Introduction: Serving the Veterans Who Have Served Us

Vol. 35 No. 2

By

Daniel K. Akaka (D-HI) has served on the Senate Committee on Veterans’ Affairs since becoming a U.S. senator in 1990 and has chaired the committee since 2006.

Veterans law is complicated. The statutory and regulatory framework governing veterans benefits has matured over many years and can be confusing to the uninitiated. In 1988, the Veterans Judicial Review Act, Pub. L. No. 100-687, resulted in the creation of the U.S. Court of Appeals for Veterans Claims, which added yet another element to a complex process.

In December 2006, the U.S. Congress enacted legislation that afforded any veteran the right to hire an attorney to appeal a ruling on a claim for veterans benefits. This proposal was not without controversy. The bill passed after eleventh hour negotiations removed a roadblock to final passage and the president’s signature.

Until passage of the Veterans Benefits, Health Care, and Information Technology Act of 2006, Pub. L. No. 109-461, an attorney could not charge a fee for assisting a veteran with a claim until the Board of Veterans Appeals, the body that reviews claims determinations made by local Department of Veterans Affairs (VA) offices, had made a final decision in the veteran’s case. With passage of that law, a veteran now is permitted to hire an attorney after noticing his disagreement with a local VA office’s decision. This change allows veterans to acquire legal assistance during the entire appellate process.

An attorney’s training and experience can be valuable in navigating the difficult statutes, regulations, and court decisions that make up veterans law. A veteran also may seek assistance from a recognized representative of a veterans service organization.

Many in the veterans community believed that by allowing attorney representation, veterans and the claims process would be harmed. Some were concerned that attorneys would not be able to understand the intricate VA disability compensation system and that veterans would receive faulty assistance. I firmly believe that veterans should be given the right to hire attorneys. Some veterans, weighing all options, will decide to seek free assistance from a veterans service organization. Others will choose to engage the support of attorneys. It is a right that they must have.

An example of where an attorney’s assistance might be helpful is deciphering the VA’s Schedule for Rating Disabilities. Compensation is based on a disability rating that the VA assigns to service-connected conditions. The VA uses its rating schedule to determine which rating to assign to a veteran’s particular condition.

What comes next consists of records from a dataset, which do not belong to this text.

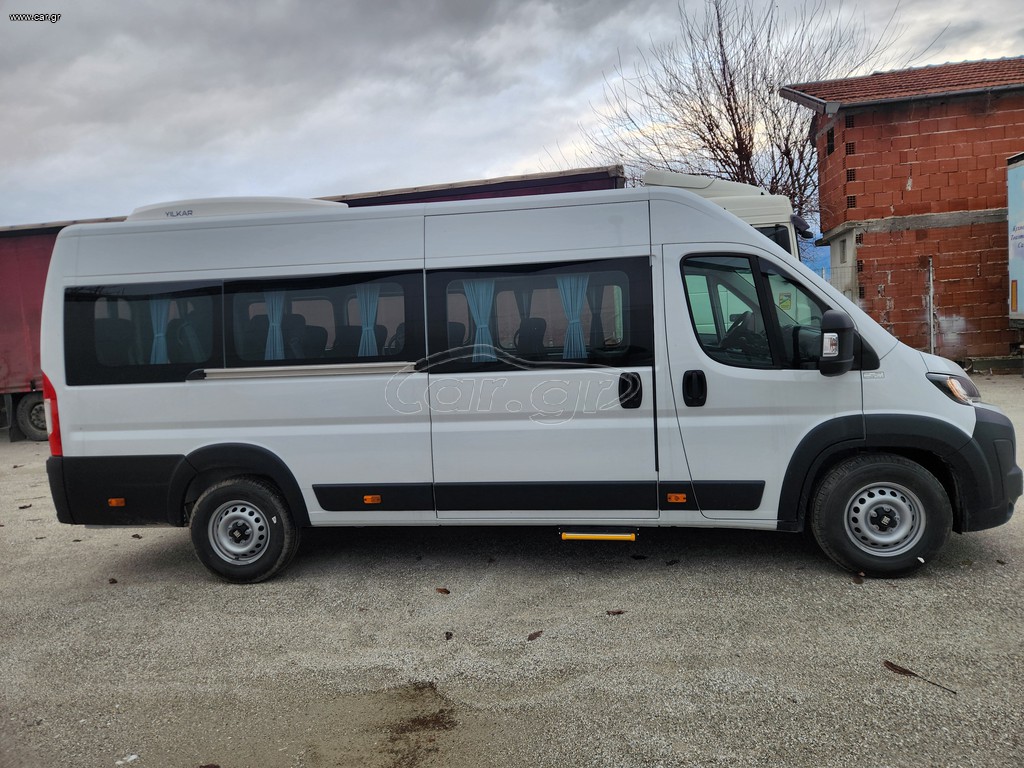 Fiat 2026 ducato και δωρεάν η τουριστικη αδεια δχ ετοιμοπαράδοτο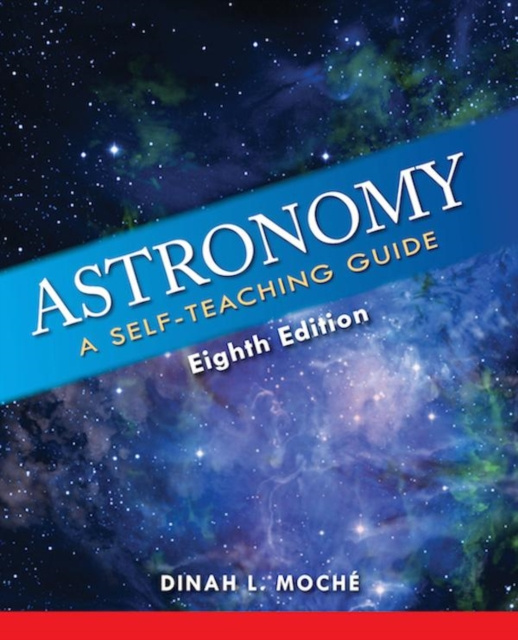 E-book Astronomy Dinah L. Moche
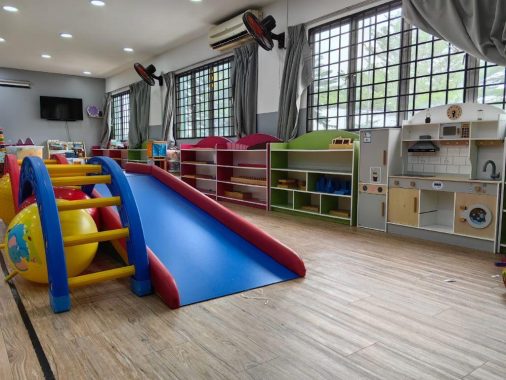 Apple King Special Education Centre, Sungai Chua, Kajang
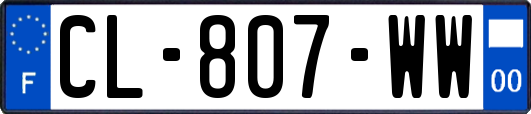 CL-807-WW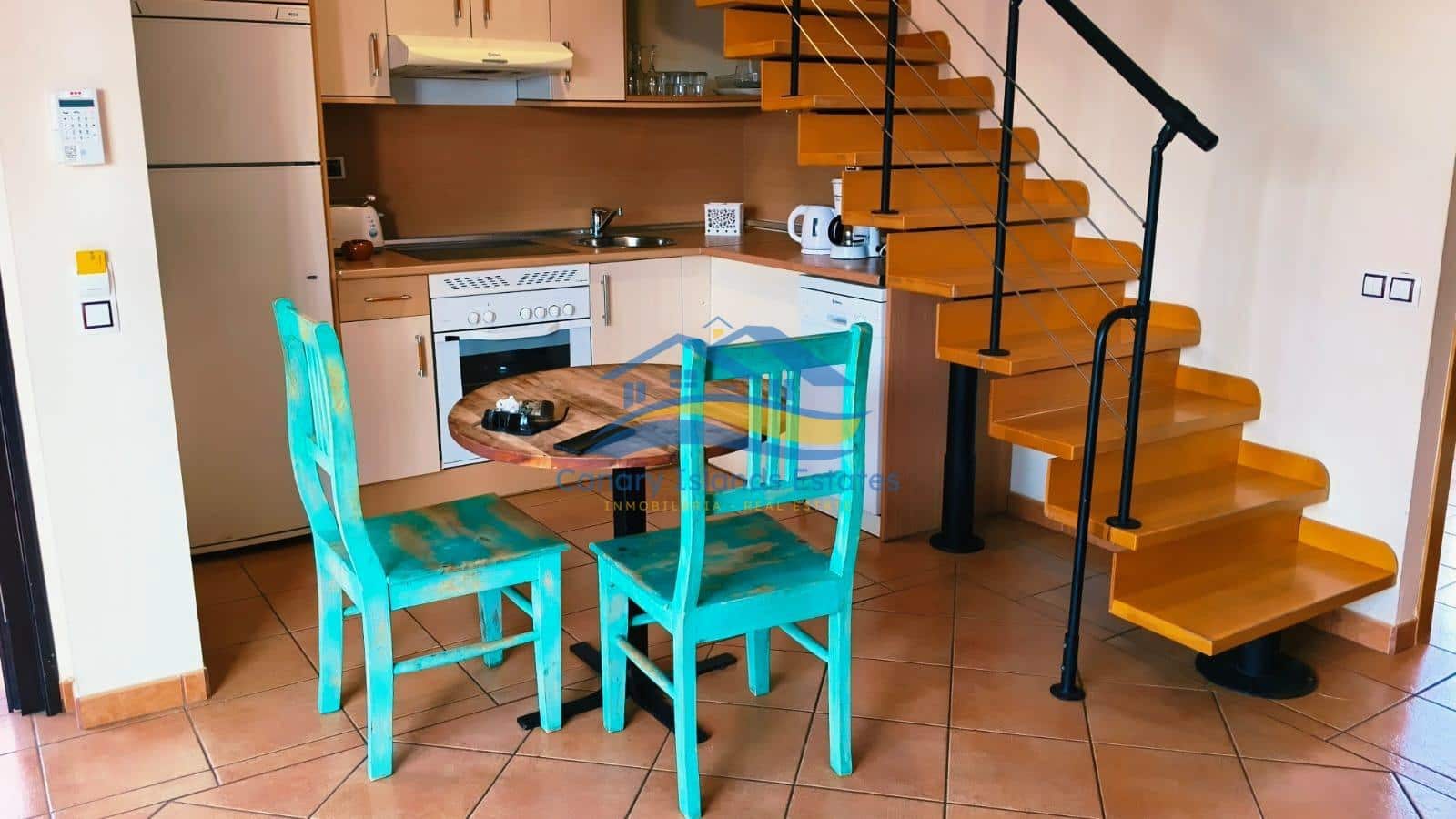 2 makuuhuone Huoneisto myytävänä paikassa Lajares - 205 000 € (Ref: 9680005)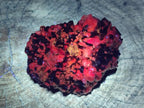 Natural Aegirine Specimens with Associated Minerals x 3 From Zomba, Malawi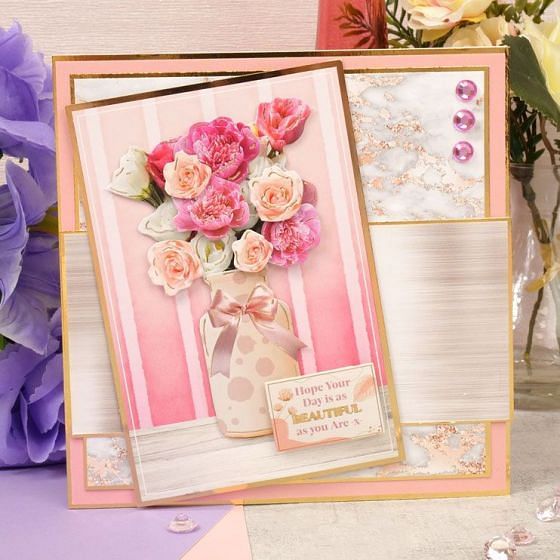 Build-a-Topper Pads - Wonderful Women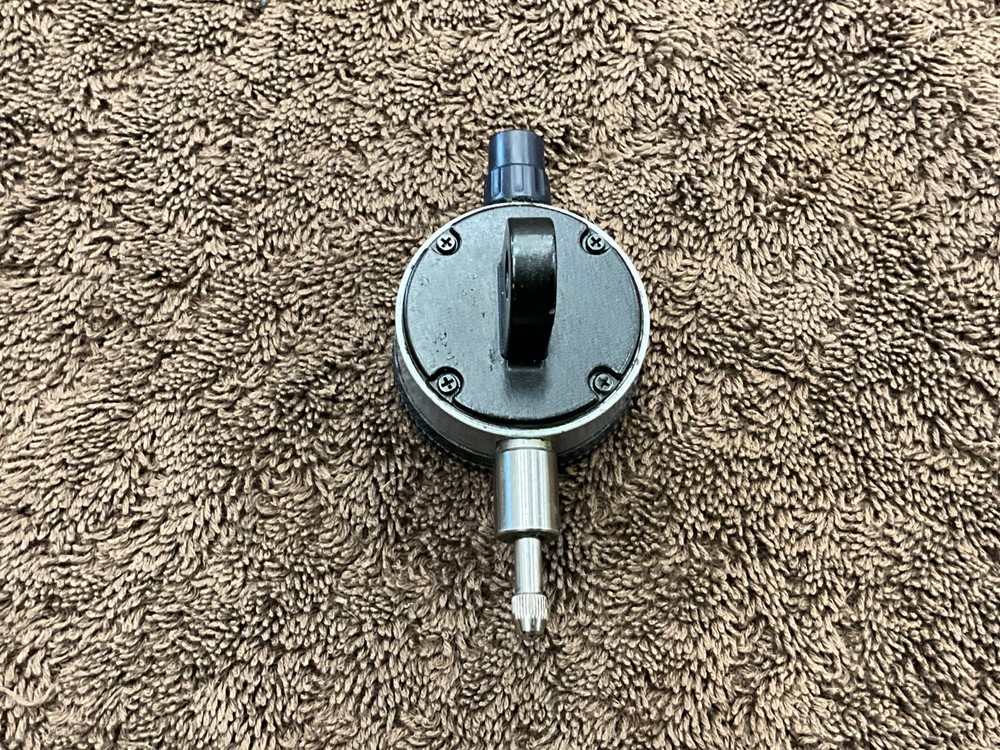 Mitutoyo 1410S-10 Series One Dial Indicator 0.25"Range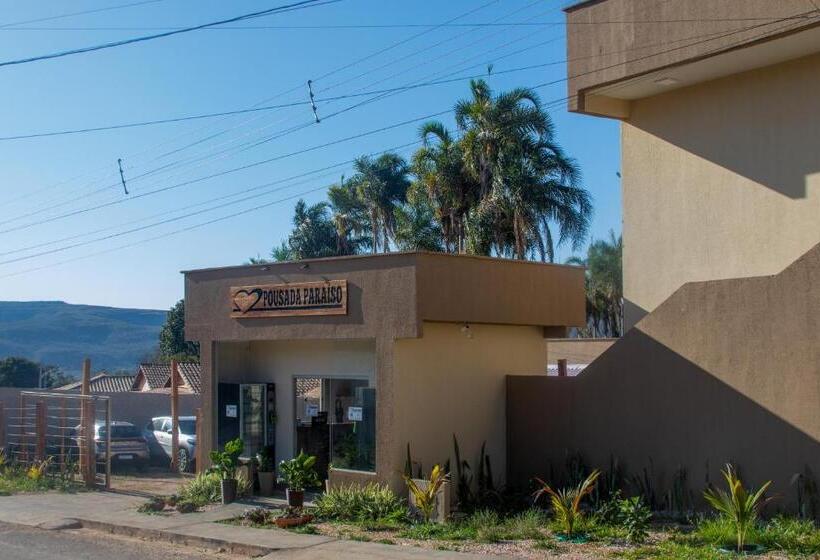 هتل Pousada Paraiso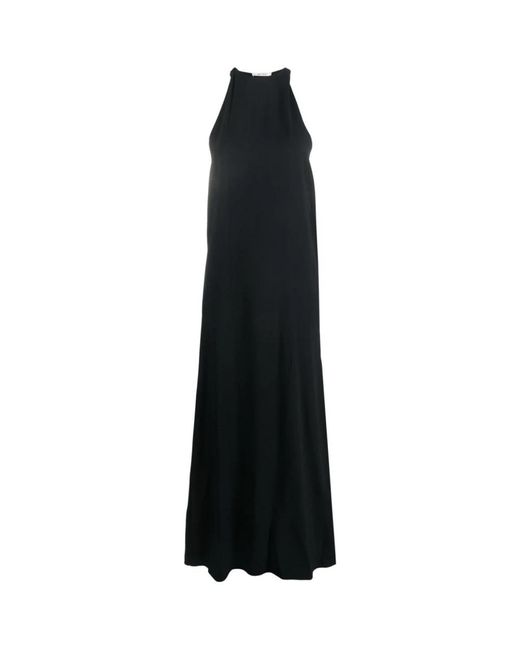 Maxi Dresses Gauchère en coloris Black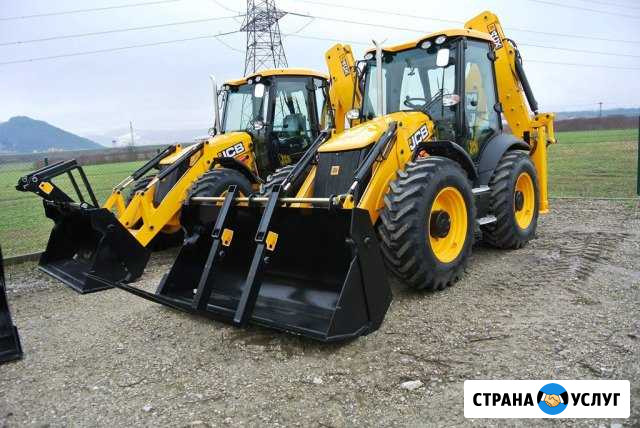 Аренда экскаватора-погрузчика JCB-3CX Мытищи - изображение 1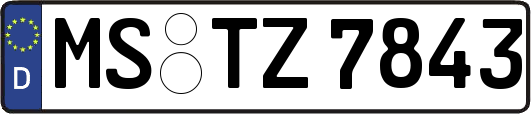 MS-TZ7843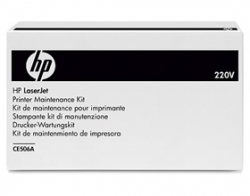Hp Fuser 220v Preventative Maint Kit Cp3525 Cm3550 Ce506a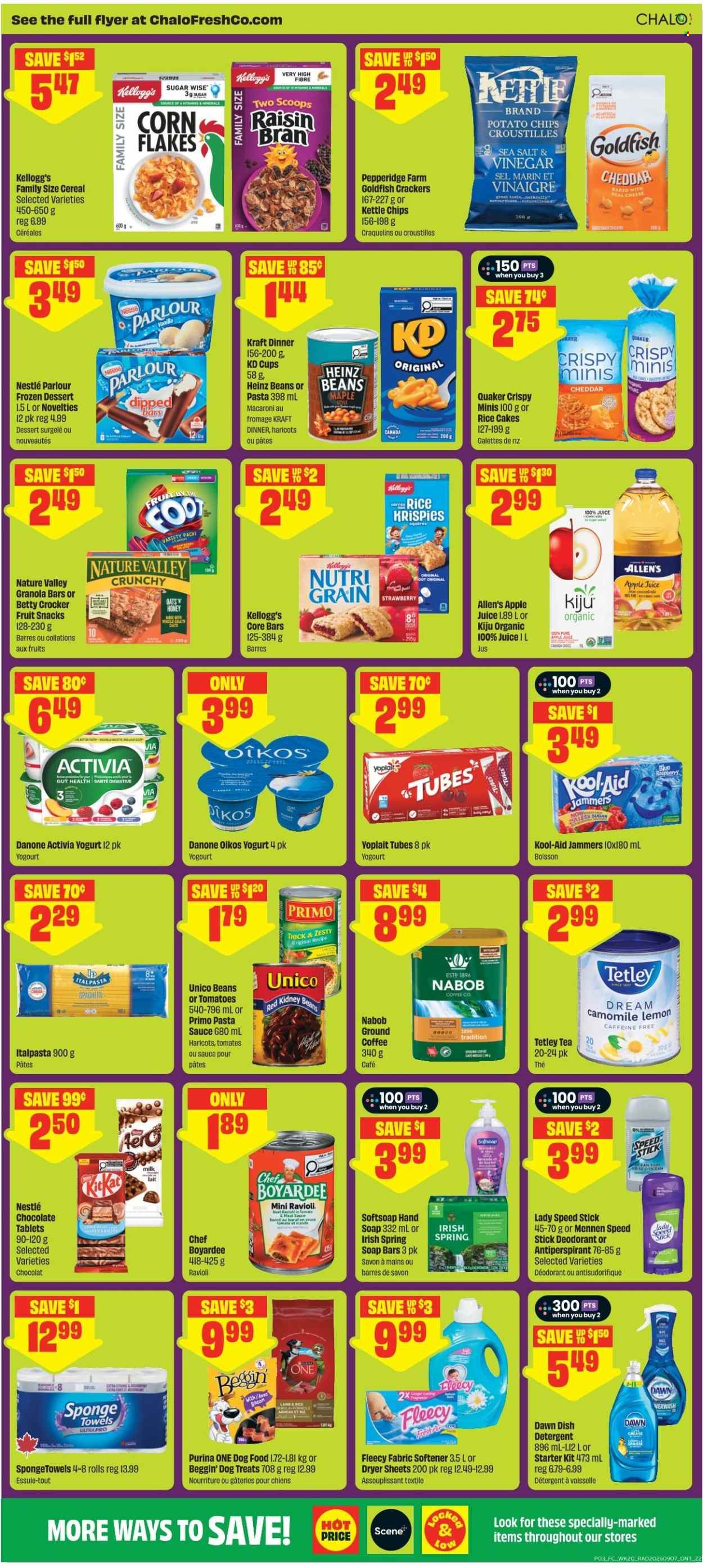 Chalo! FreshCo. flyer - September 10, 2026 - September 16, 2026. Page 4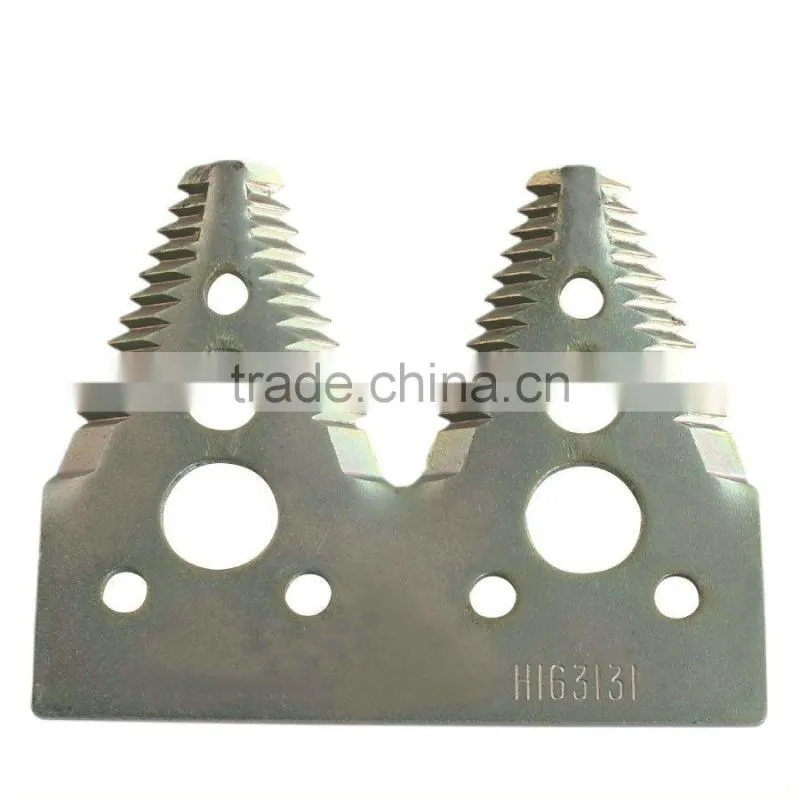 Popular sickle section H163131 for John Deere combine harvester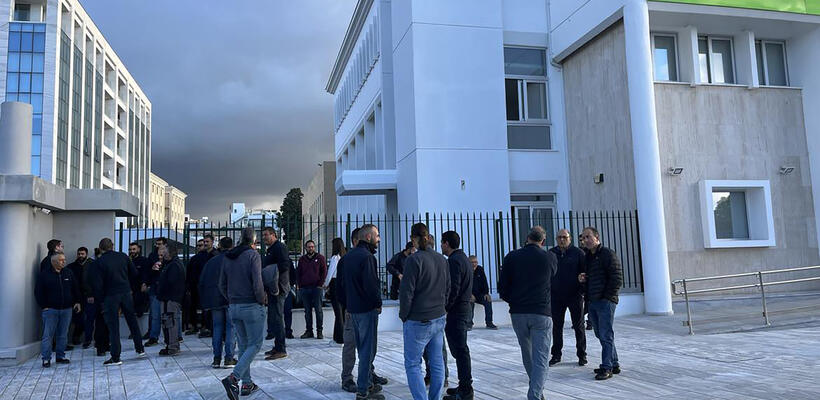 Όχι σε υπονόμευση του δημόσιου χαρακτήρα της Cyta, ζήτησαν εργαζόμενοι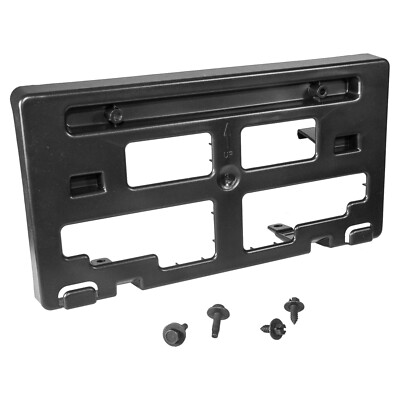 Front License Plate Bracket For Ford Ranger 2019-2022 – No Drill Mount, ABS Plastic (Replaces KB3Z17A385A) - View #5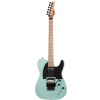 Schecter Sun Valley Super Shredder PT FR S Sea Foam Green electric guitar
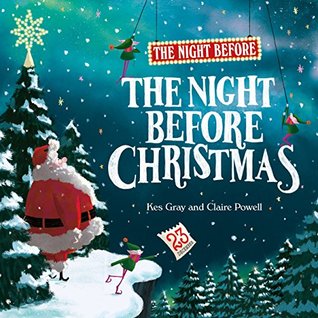 The Night Before the Night Before Christmas (Kindle Edition)
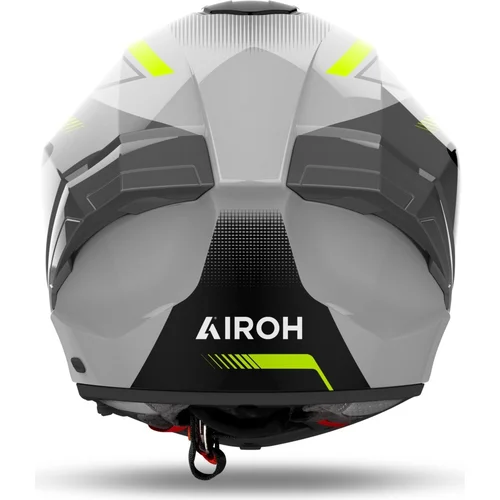 Prilba MATRYX Wide (žltá lesklá, veľkosť M) 2027 /AIROH/ - obr. 2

Under current law, challenges to the VA rating schedule are permitted only for constitutional questions. To allow veterans to challenge the rating schedule for compliance with relevant statutory provisions, I introduced S. 2737, which would permit veterans to bring a VA rating challenge to the U.S. Court of Appeals for Veterans Claims. Without an attorney’s assistance, a veteran might never know that the VA is not complying with Congress’s direction.

Among the many challenges facing the nation as a consequence of the current conflicts in Afghanistan and Iraq is the increased number of veterans who have suffered traumatic brain injuries from improvised explosive devices and other weapons. When veterans apply for service-connected benefits in connection with these injuries, they may face barriers to receiving VA compensation. Some veterans who received a Purple Heart or other combat medal for injuries sustained may already have proof of service connection. Veterans who are not awarded such medals, however, may face daunting challenges in proving that they served in combat.

To ease the burden placed on veterans who serve in combat, I introduced S. 2309 to provide for relaxed evidentiary requirements for veterans who received extra pay for duty in a combat zone while in service. Under this approach, a veteran who served in Iraq and who alleges injuries as the result of exposure to an improvised explosive device, for example, could receive benefits without the requirement that the veteran provide official military documents verifying that exposure. Again, this is an area where the assistance of an experienced attorney could be helpful to the claimant.

This issue of Human Rights investigates and explicates these and other important legal and policy concerns affecting veterans of the U.S. armed services, with a particular emphasis on those veterans returning from the wars in Iraq and Afghanistan. Articles discuss such matters as the long delays in processing veterans claims for compensation, the complications in receiving veterans medical care in rural America, the inequities that gay and lesbian veterans experience in the veterans compensation system, the problems encountered by National Guard and Reservist service members who return from deployment only to find that their jobs are no longer available to them, and even how military deployment may affect decisions as personal and profound as the granting of custody and child visitation rights. We owe those who have “borne the battle” no less than full and prompt consideration of these issues.